Work order
For this exercise, write out the whole listing below exactly, omitting its images.
** Dataset extract follows **
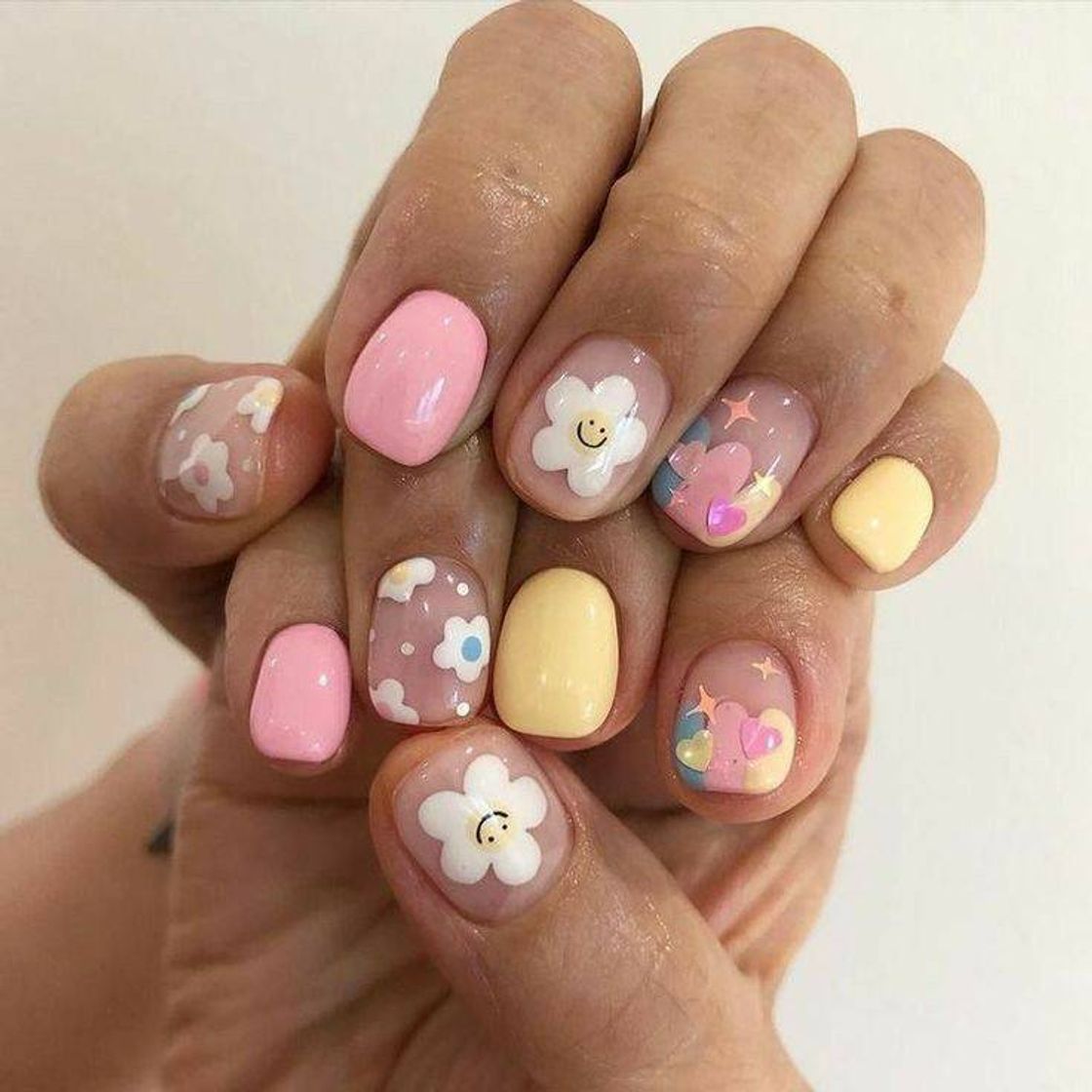 Social unhas rosa e amarelo 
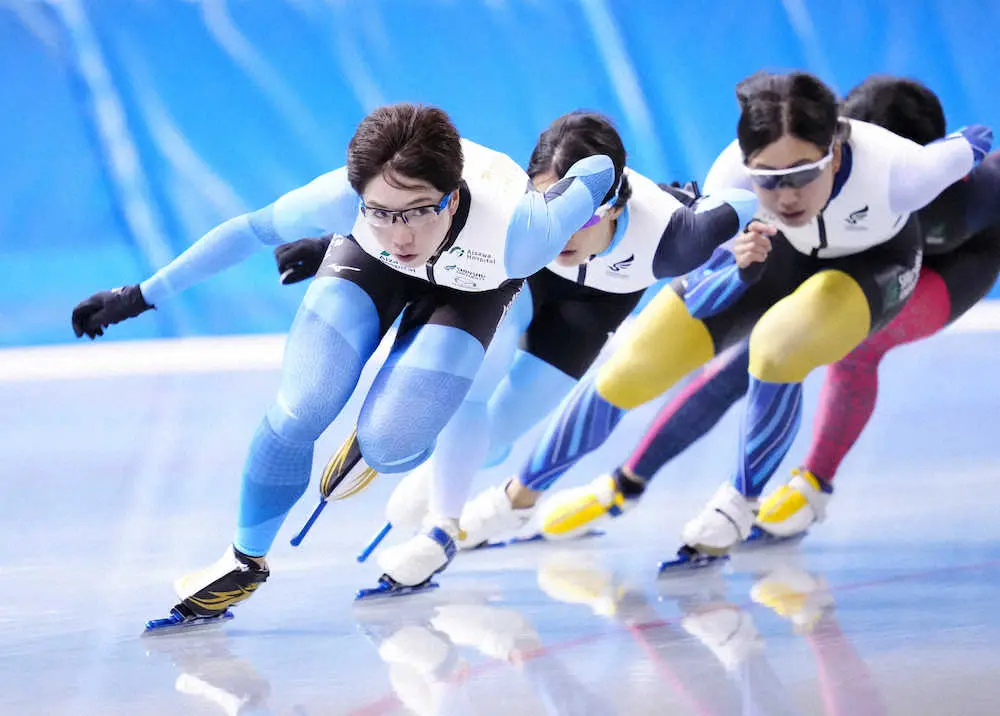 【画像・写真】小平奈緒、青と白のユニホームで五輪シーズン　医療従事者への感謝示す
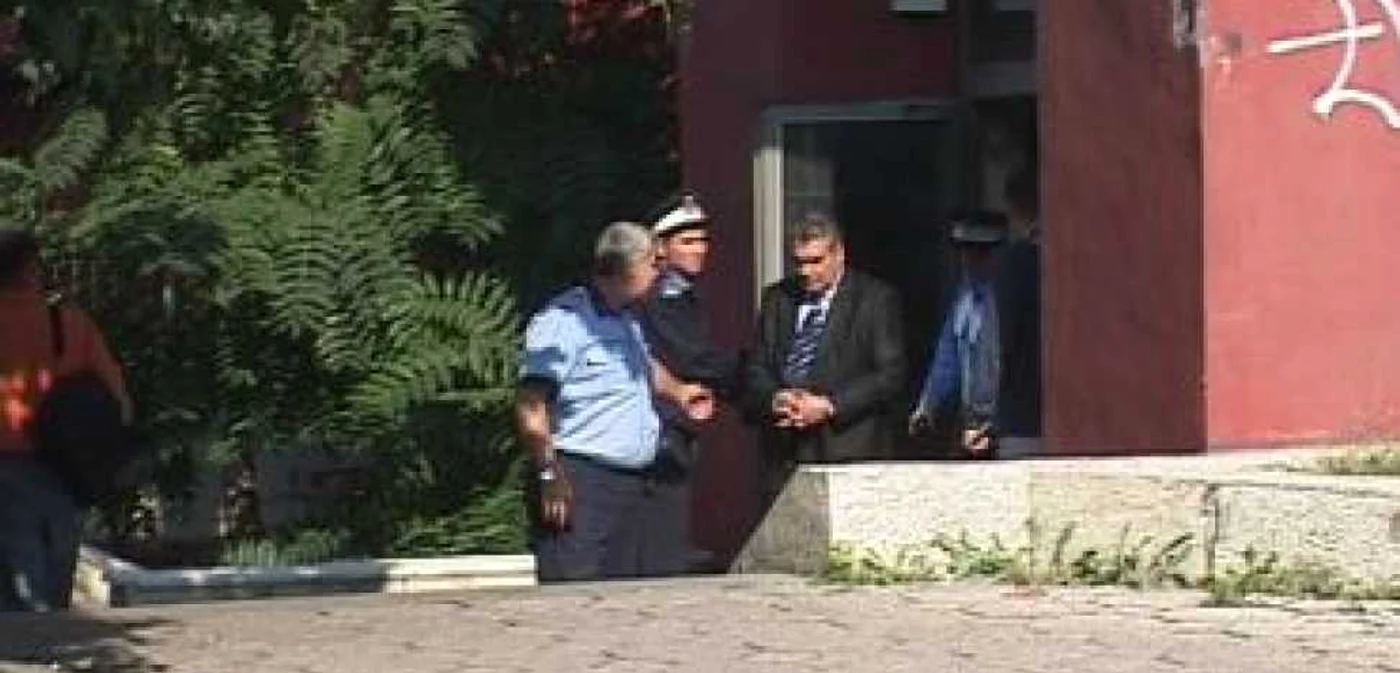 Piteşti: UPDATE:Comisarul Aurel Stoian a primit şpagă de la Penescu ulei, făină, mălai şi fursecuri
** End of Dataset extract **
Exercise solution
 Social unhas rosa e amarelo 
 【画像・写真】小平奈緒、青と白のユニホームで五輪シーズン　医療従事者への感謝示す
 Piteşti: UPDATE:Comisarul Aurel Stoian a primit şpagă de la Penescu ulei, făină, mălai şi fursecuri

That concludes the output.